RAKYAT45.COM – Pencarian korban Sungai Kampar terus dilakukan Tim SAR Gabungan hingga hari keenam, Minggu (9/8/2026). Namun, Boiko Gulo (25), warga Desa Maredan, Kecamatan Tualang, Kabupaten Siak, hingga kini belum ditemukan.
Tim gabungan memperluas penyisiran di sepanjang aliran Sungai Kampar, Desa Merangin, Kecamatan Kuok, Kabupaten Kampar. Petugas menggunakan perahu karet dengan menyisir sungai hingga radius 13 kilometer dari titik awal kejadian ke arah hilir.
Kalaksa BPBD Kabupaten Kampar Azwan melalui Kepala Pusdalops PB Adi Candra Lukita mengatakan, pencarian terus dimaksimalkan dengan melibatkan seluruh unsur yang tergabung dalam operasi SAR.
“Upaya pencarian korban di hari keenam ini kami optimalkan dengan melakukan penyisiran menggunakan perahu karet dari titik awal kejadian hingga radius 13 kilometer ke arah hilir sungai. Namun, hingga laporan sore ini disampaikan pukul 16.00 WIB, keberadaan korban masih belum ditemukan,” ungkap Adi Candra.
Peristiwa itu terjadi pada Selasa (4/8/2026) sekitar pukul 07.30 WIB. Saat itu, korban mengendarai sepeda motor dan berhenti di atas Jembatan Rantau Berangin.

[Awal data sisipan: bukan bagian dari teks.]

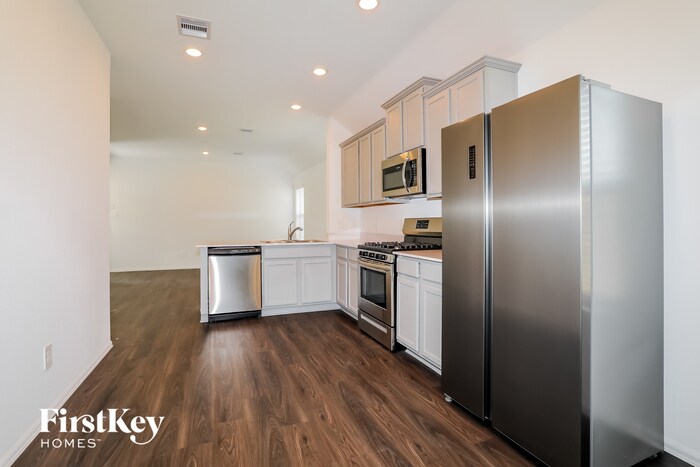 Building Photo - 18450 Cobalt Cove Ln
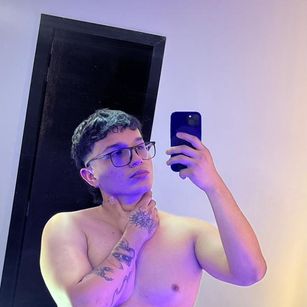 Model - SamuParker cei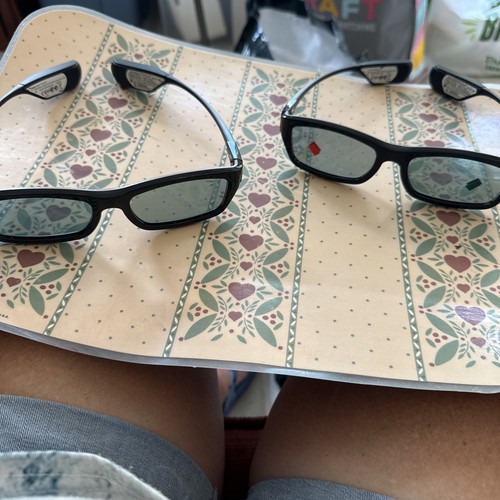 Samsung 3D Active Glasses 2 Pair Model # SSG-3300GR. Not tested, 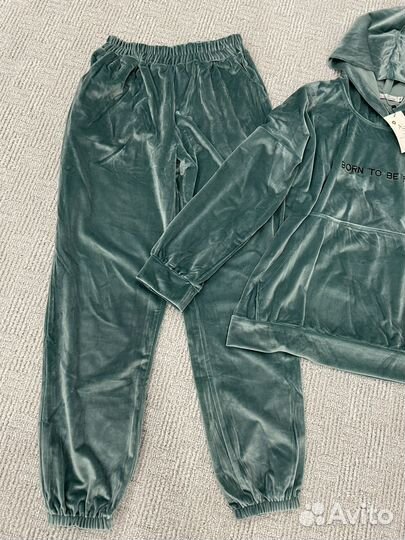 Спортивный костюм женский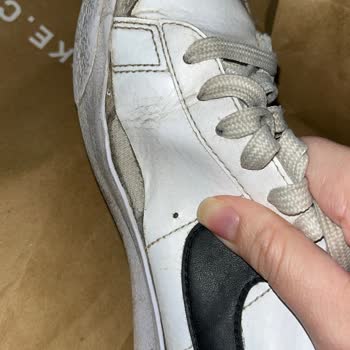 Nike Ayakkabıda Erken Deformasyon Ve Değişim Talebi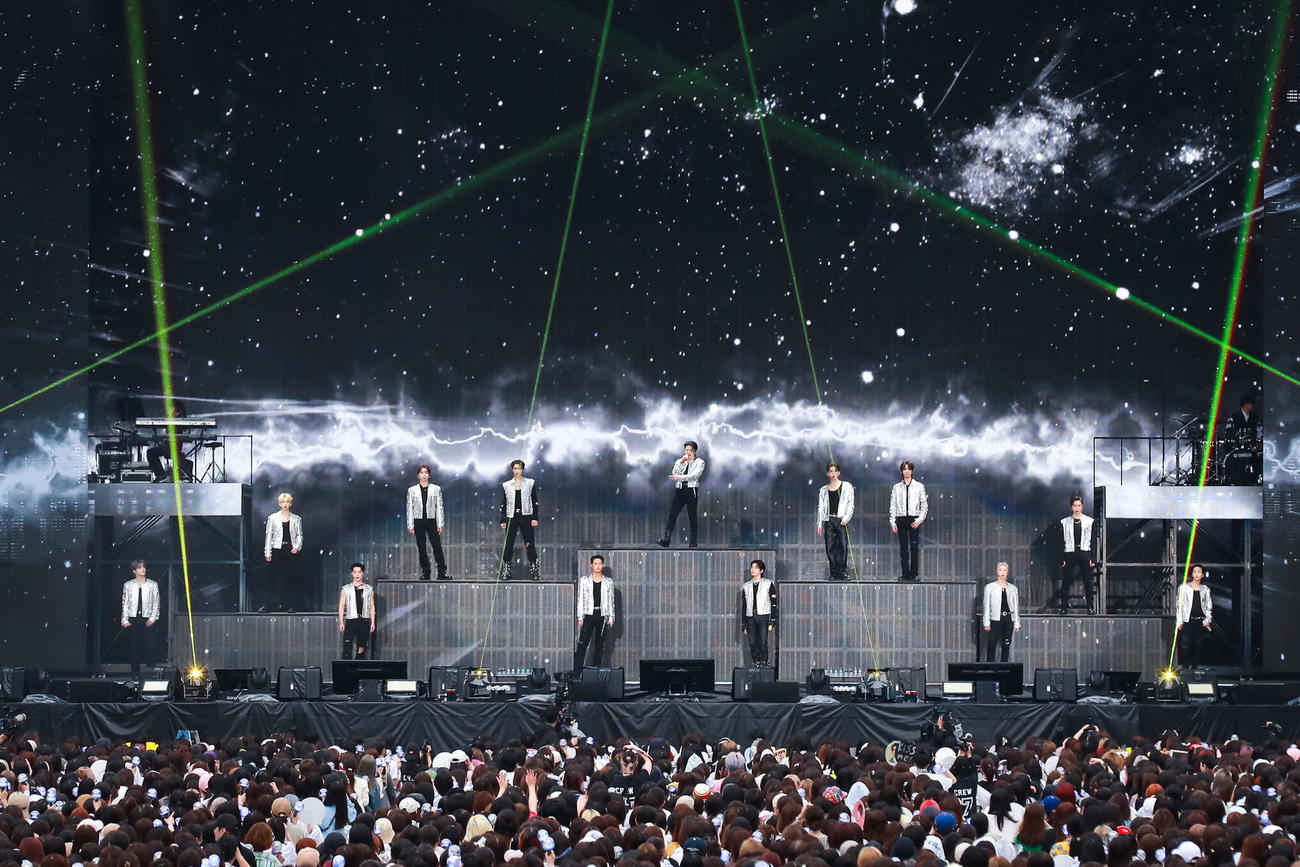 日本で初のスタジアムツアーを完走したSEVENTEEN（(P)＆(C) PLEDIS Entertainment）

Korban kemudian melompat dari jembatan dan langsung hanyut terbawa derasnya arus Sungai Kampar. Sejak kejadian tersebut, tim gabungan melakukan pencarian untuk menemukan korban.
Operasi melibatkan puluhan personel dari BPBD Kabupaten Kampar, Basarnas Pekanbaru, TNI, Polri, Damkar, perangkat desa, hingga masyarakat setempat.
Dalam pencarian tersebut, petugas mengerahkan sejumlah peralatan, di antaranya perahu karet, perlengkapan selam, armada angkut, serta berbagai peralatan keselamatan pendukung.
Selain memperluas pencarian, BPBD Kampar mengingatkan personel dan masyarakat di sekitar bantaran sungai agar meningkatkan kewaspadaan terhadap kondisi cuaca.
Berdasarkan pemantauan BMKG, Kabupaten Kampar berpotensi mengalami hujan dengan intensitas sedang hingga lebat yang dapat disertai kilat dan angin kencang.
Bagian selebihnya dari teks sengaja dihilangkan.